EXERCISE DATA START

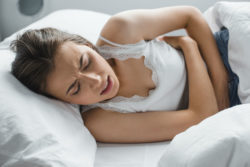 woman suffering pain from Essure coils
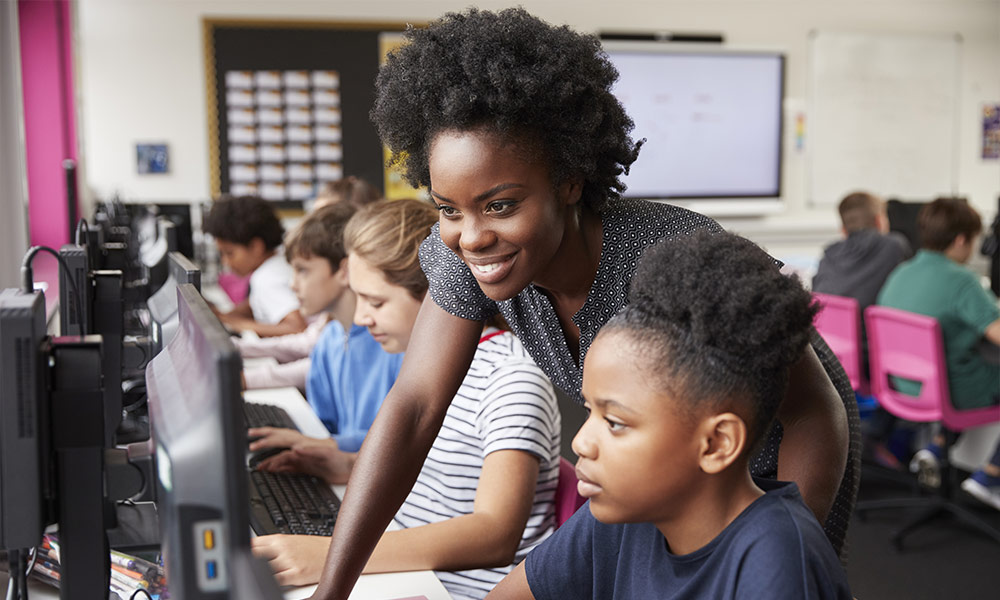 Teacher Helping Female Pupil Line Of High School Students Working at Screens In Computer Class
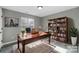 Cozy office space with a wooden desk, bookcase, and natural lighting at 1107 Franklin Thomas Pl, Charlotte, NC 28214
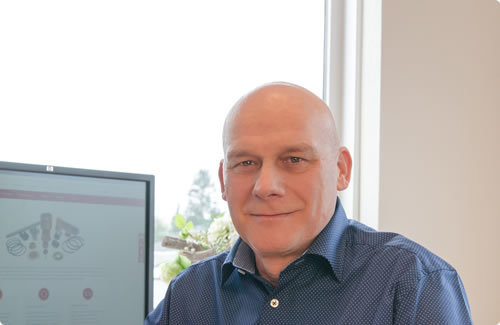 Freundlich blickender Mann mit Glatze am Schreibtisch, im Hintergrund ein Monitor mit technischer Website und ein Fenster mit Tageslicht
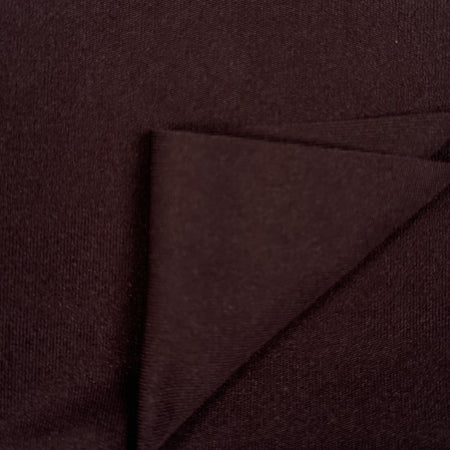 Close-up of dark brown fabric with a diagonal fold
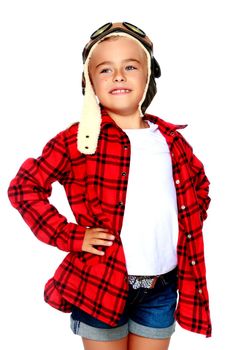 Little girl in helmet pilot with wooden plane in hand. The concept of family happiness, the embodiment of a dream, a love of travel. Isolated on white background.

EXERCISE DATA END

■ ACTIVITY
Nothing but the lines from the line containing "Close-up of dark" through the last line of the material may be output, and they must be copied exactly, without pictures.

■ YOUR RESPONSE
 Close-up of dark brown fabric with a diagonal fold
 Little girl in helmet pilot with wooden plane in hand. The concept of family happiness, the embodiment of a dream, a love of travel. Isolated on white background.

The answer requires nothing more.